Onward I traveled to “Noia,” with its protagonist Graham Spoke (Nathan Robert Pecchia), a desperate man beset by the notion that the world—wherever he goes—stops and stares at him, as if, he says at one point, “everyone’s on pause.” It is an unnerving situation, an existential concern, but a fear that serves as a unique counterpoint to Ralph Ellison’s unnamed narrative from “Invisible Man.” Writer-director Kel Lind doesn’t directly address larger racial and/or societal arguments, preferring instead to show indirectly that the dilemmas, in practical terms, are two sides of the same coin. Graham finds a way to suss out a solution to his problem thanks to an encounter with a blind woman (Kate Mueller) working in a rundown motel on the edge of town.

Another pair of outsiders, this time in writer-director Aubrey Keith’s “Oak,” seek to navigate dangerous social terrain.

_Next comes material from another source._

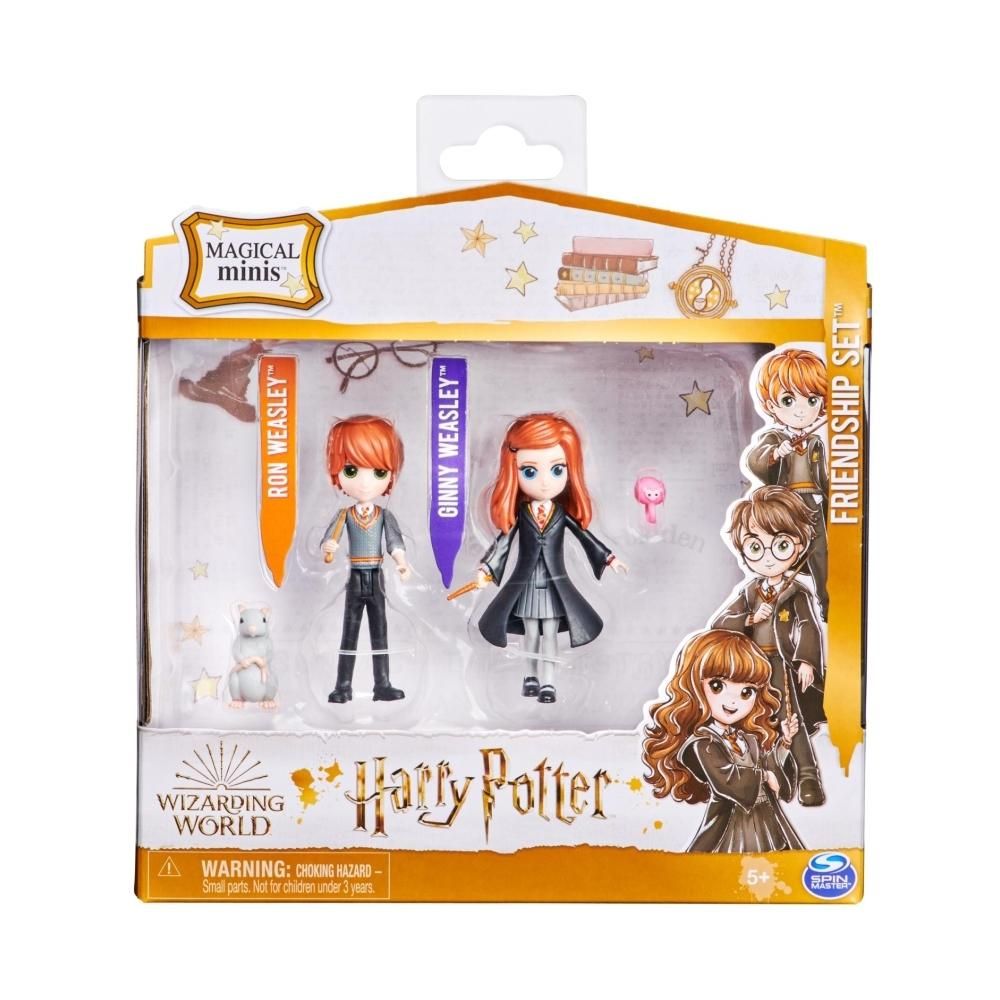 Harry Potter barátság szett - Ginny Weasley & Ron Weasley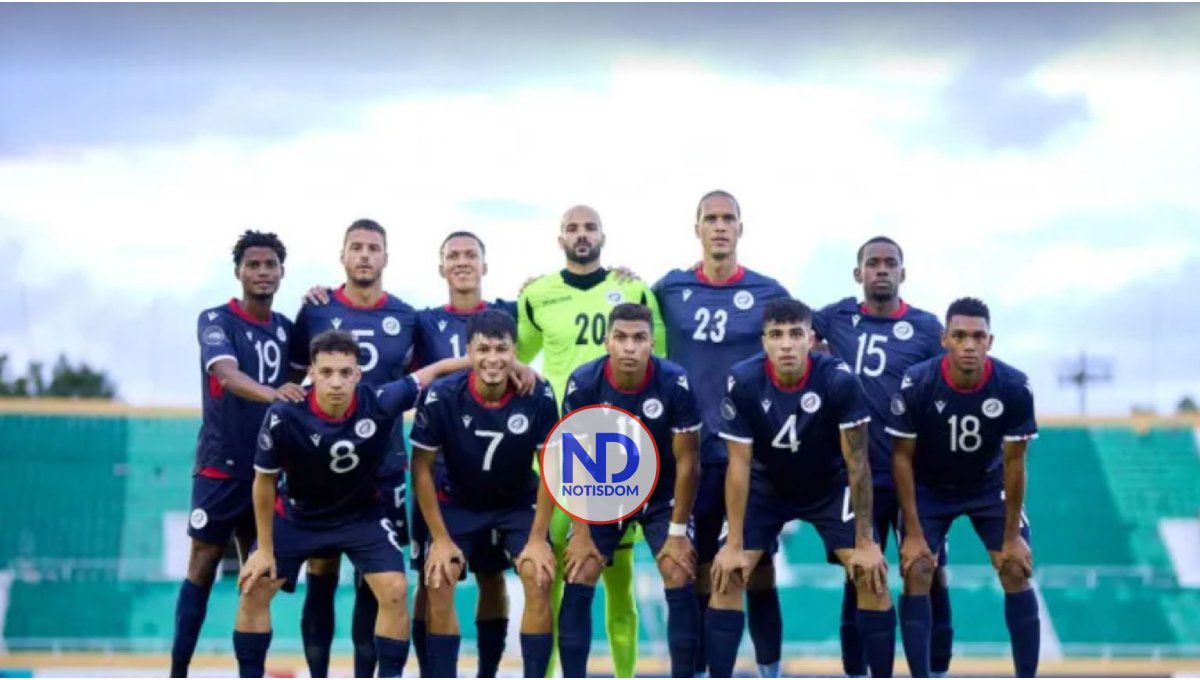 RD-Guatemala empatan partido de la Liga de Naciones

Joel and Sarah are teenagers in the suburbs with a deep love of music that they share, in secret, with little fanfare. Joel dreams of being Johnny Cash, a black-suited outlaw with a guitar strapped to his back, while Sarah pens heartfelt lyrics and sings with all of the quiet conviction of a coffeehouse siren, but together what they create feels real and true.

It is in Keith’s film that the Wright State network of connections became visible to me. After watching “Oak” I checked out the production notes for the fest, like a music hound devouring liner notes, and discovered that Keith served as a producer on “Noia,” while Liz Yong Lowe, the filmmaker behind “Anesthesiaphobia,” handled production chores on “Oak.” The full schedule offers the opportunity to play this engaging game.

Of course, none of this is surprising, but what it should do, for the lucky audiences who attend the one-night Big Lens Film Festival event, is trigger a desire to investigate beyond the flickering frames, to get to know this collection of talent now, because it won’t be long before they head off with these projects to noted festivals around the country (and the globe), where they will earn the right to tell bigger stories on even larger canvasses. I hope, though, that they never forget what they’ve learned here, because we need these intimate stories, now more than ever before.

The Big Lens Film Festival premieres Friday, Oct. 16 at 7 p.m. at the Dayton Art Institute.